My advice to you is to talk to him and tell him how you feel.  If he does not let up after you talk then you may want to consider some different options.
You do not have to put up with being controlled like that.  I now feel so incredibly free, it is amazing.  
If you ever want someone to talk to, you can always PM me.  I was definitely in your shoes a year and a half ago.  
I hope everything works out for the best.


----------



## Beauty Mark (Aug 20, 2008)

Beyond the Specktra stuff, I don't think he's good for you. What kind of person expects you to give up your friends for him? That's really bad.
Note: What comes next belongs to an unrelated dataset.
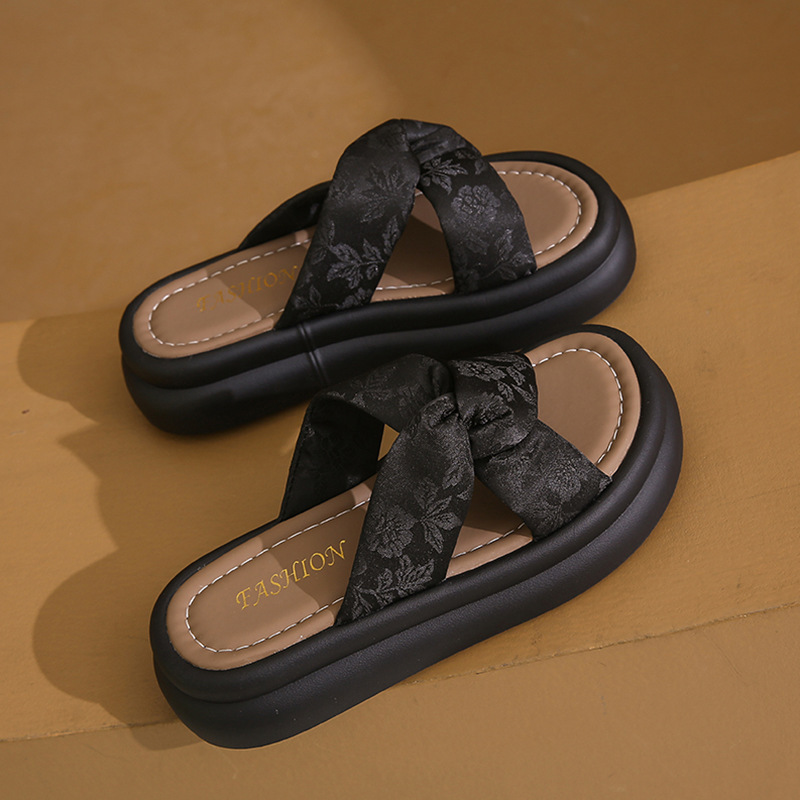 Ddmysports Chinese Style Women S Sandals For Outdoor Wear Summer New Versatile Thick Sole Skirt Matching Platform Slippers Outdoor Shoes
Hon, I would seriously sit down with someone impartial and examine your life closely. It sounds like there's more issues at hand than your internet life.


----------



## TDoll (Aug 20, 2008)

Wow..that's tough.  What hobbies does he have? Does he like cars or video games or anything like that?? Because you need to talk to him, --no matter how stupid you think he's going to make you feel -- you need to sit him down and talk to him and compare Specktra and makeup to his hobbies and the ways he spends his free time.  

I hope everything works out.  That totally sucks and he should be supportive of what you do in your free time. Especially since it's something that obviously makes you happy.


----------



## hhunt2 (Aug 20, 2008)

Quote:

   Originally Posted by *pratbc* 

 
_Your hubby sounds just like my ex-husband- totally controlling. I, too, could not have any friends and he loathed any forums or chat I would have on the computer (even though he spent most of his time in front of a computer playing video games). Things got worse and he started not liking me wearing makeup or nice clothes that didn't fully cover me up. Unfortunately, I ended up taking my son and just leaving him because it got so bad.
My advice to you is to talk to him and tell him how you feel. If he does not let up after you talk then you may want to consider some different options.
You do not have to put up with being controlled like that. I now feel so incredibly free, it is amazing. 
If you ever want someone to talk to, you can always PM me. I was definitely in your shoes a year and a half ago. 
I hope everything works out for the best._

 
Thank You... he has asked me "what happened to the old me?"  I used to dress up all the time & got myself all 'dun' up.  But I was thin then, now I've gained weight since him & I got together, I dress up like "whatever", lol.  Sad to say, but the only "dressing up" I do is for work-- all black, like I'm attending a funeral.  But all black has always been my style.

 Quote:

   Originally Posted by *TDoll* 

 
_Wow..that's tough. What hobbies does he have? Does he like cars or video games or anything like that?? Because you need to talk to him, --no matter how stupid you think he's going to make you feel -- you need to sit him down and talk to him and compare Specktra and makeup to his hobbies and the ways he spends his free time. 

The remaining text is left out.